Jesus set a sinless example of how to obey the Mosaic Law, including keeping the 7th day holy, so he was much more religious and zealous for keeping it than the Pharisees were. He never criticized the Pharisees for obeying the Mosaic Law, but he did criticize them for not obeying it or for not obeying it correctly, so his purpose in criticizing them was not to get them to stop obeying what God commanded them to do, but in order to call them to a fuller obedience to it. For example, in Matthew 23:23, Jesus said that tithing was something that they ought to be doing while not neglecting weightier matters of the law of justice, mercy, and faith, and in Mark 7:6-9, he criticized them for setting aside the commands of God in order to establish their own traditions.
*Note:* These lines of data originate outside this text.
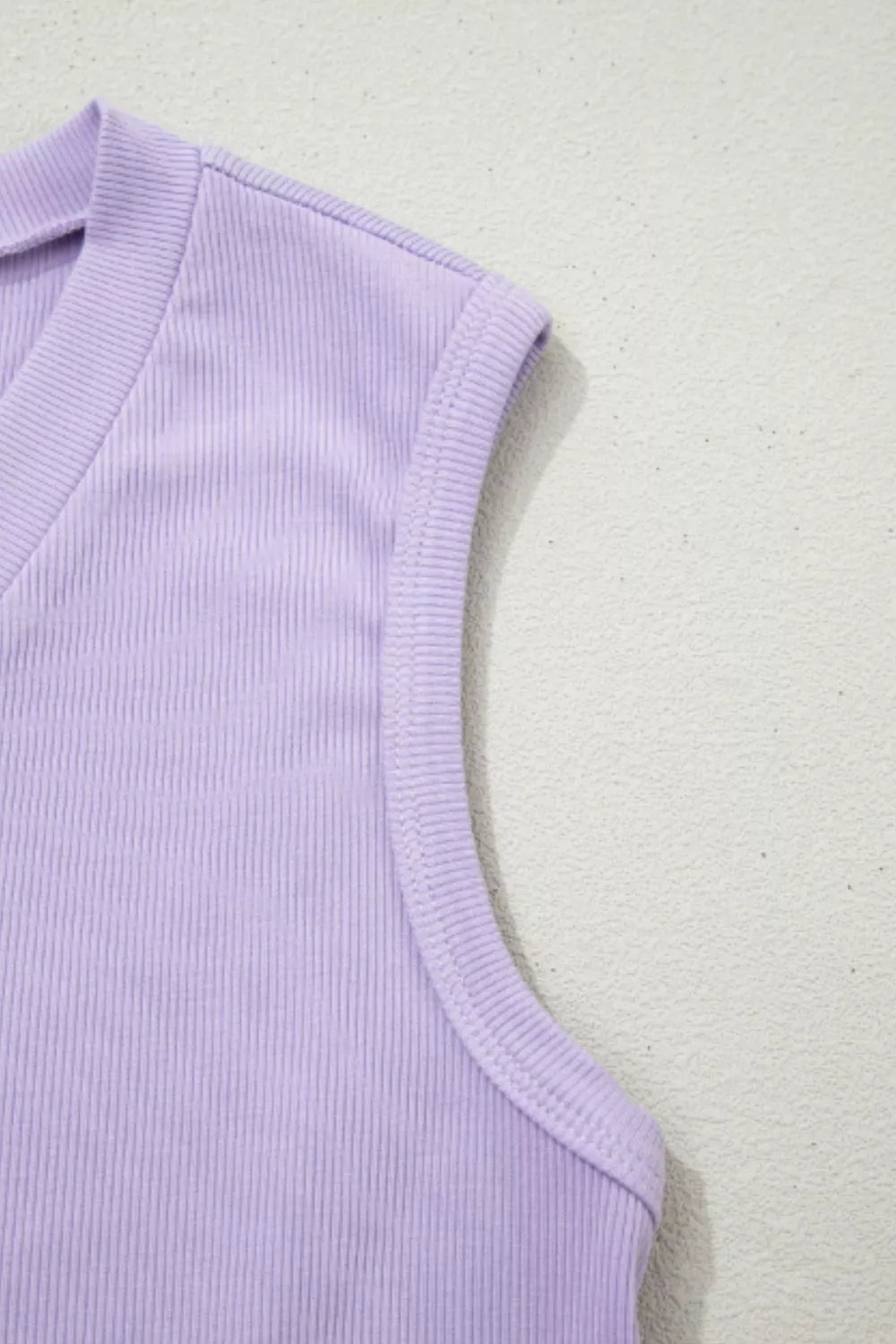 Lavender ribbed knit tank top with V-neck and sleeveless design.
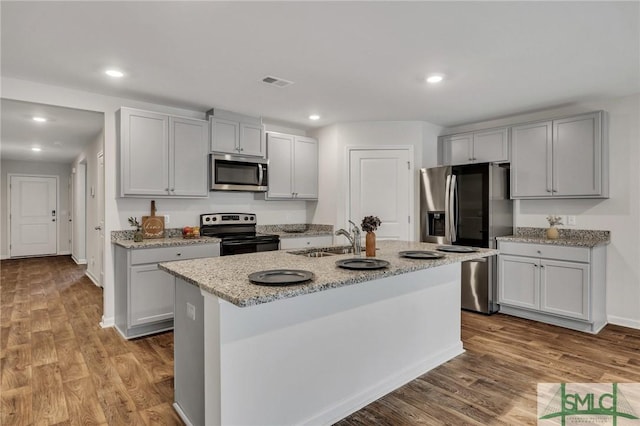 kitchen featuring sink, light stone countertops, light wood-type flooring, an island with sink, and appliances with stainless steel finishes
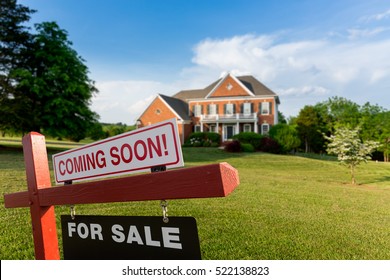 For Sale And Coming Soon Realtor Sign In Front Of Large Brick Single Family House In Expansive Grass Yard For Real Estate Opportunity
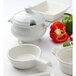 A white Tuxton French casserole bowl with a lid.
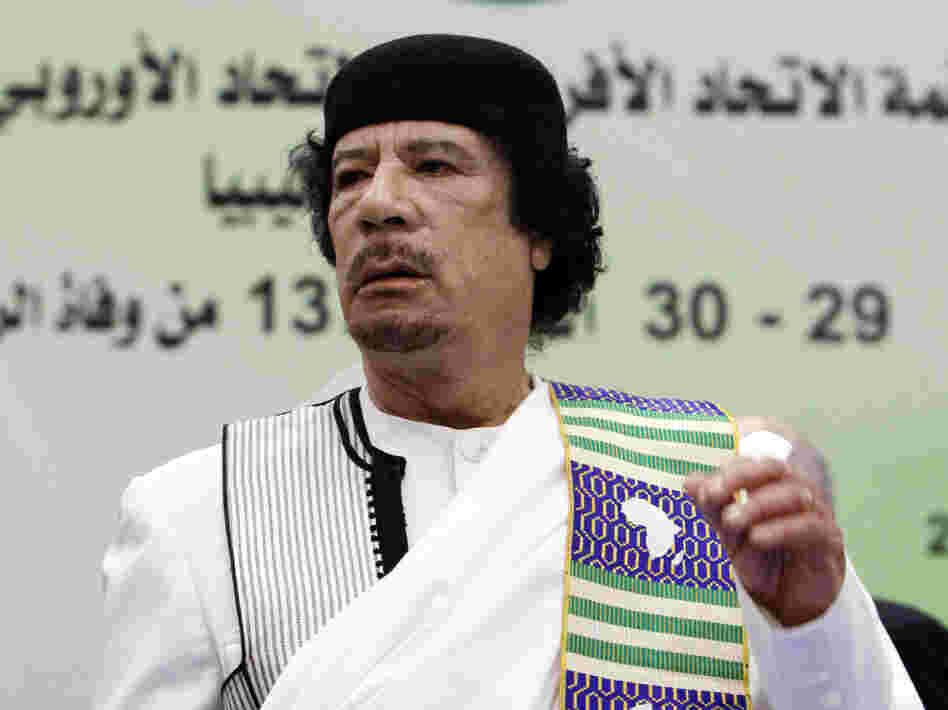 Libyan leader Moammar Gadhafi attends the opening session of the Africa-EU summit in November 2010, before the current conflict. Now that the U.S. military has intervened in Libya, many wonder what the endgame is.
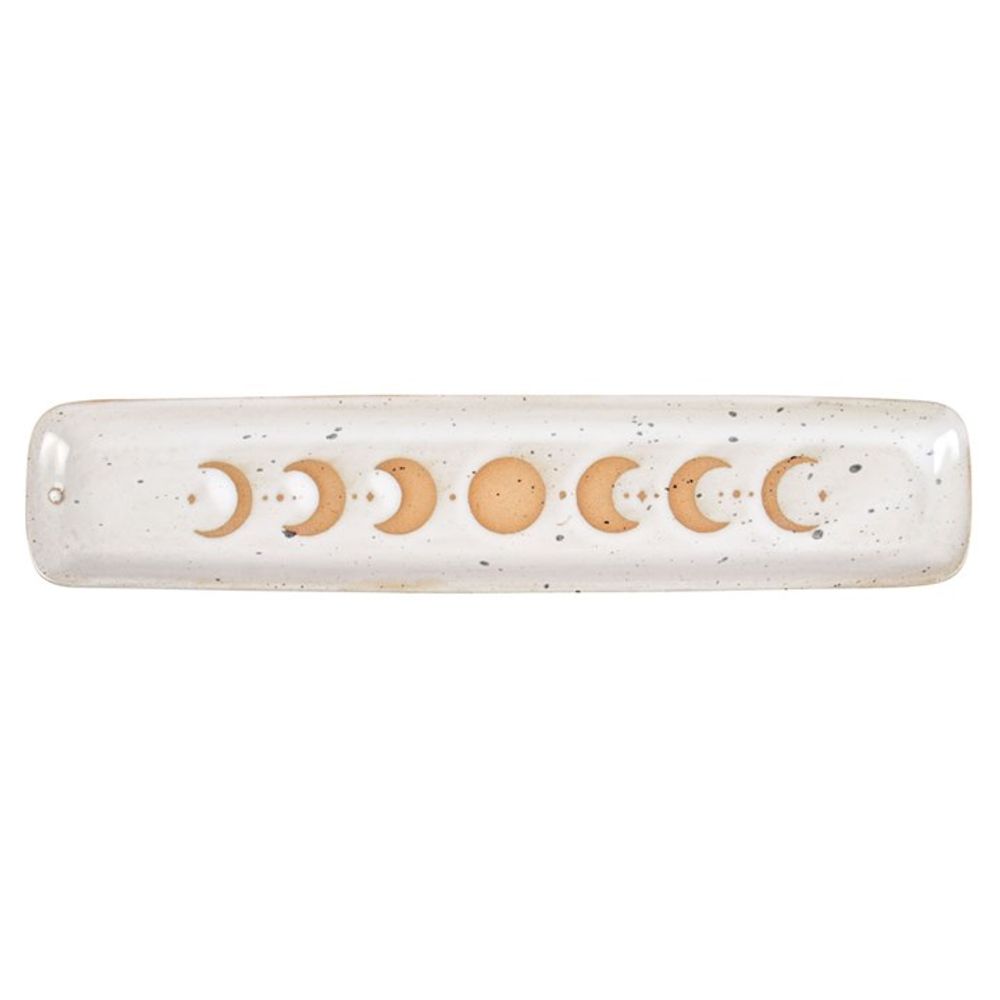 A long, rectangular stoneware incense holder boasts a speckled white surface. Its moon phase design, ranging from crescent to full in striking orange, stretches across the centre. Perfect for various home decor styles, a small hole at one end securely holds an incense stick.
In other words, his problem with the Pharisees was not that they were too religious, but that they were not religious enough.
In Matthew 4:17-23, Jesus began his ministry with the Gospel message to repent for the Kingdom of God is at hand, and the Mosaic Law is how his audience knew what sin is, so the sum of everything that Jesus taught in the NT by word and by example was to obey the Mosaic Law, which means that the degree to which you obey the Mosaic Law is the degree to which you value what he taught in the NT. Jesus did not establish the New Covenant in order to undermine anything that he spent his ministry teaching by word or by example, but rather the New Covenant was given for a time when the Israelites would return to obedience to the Torah (Jeremiah 31:33). Changing the medium upon which God's law is written from stone to our hearts so that we will obey it does not change the content of what it instructs us to do. The Spirit also has the role of leading us to obey the Torah (Ezekiel 36:26-27). In Romans 8:4-7, those who walk in the Spirit are contrasted with those who have minds set on the flesh who refuse to submit to God's law.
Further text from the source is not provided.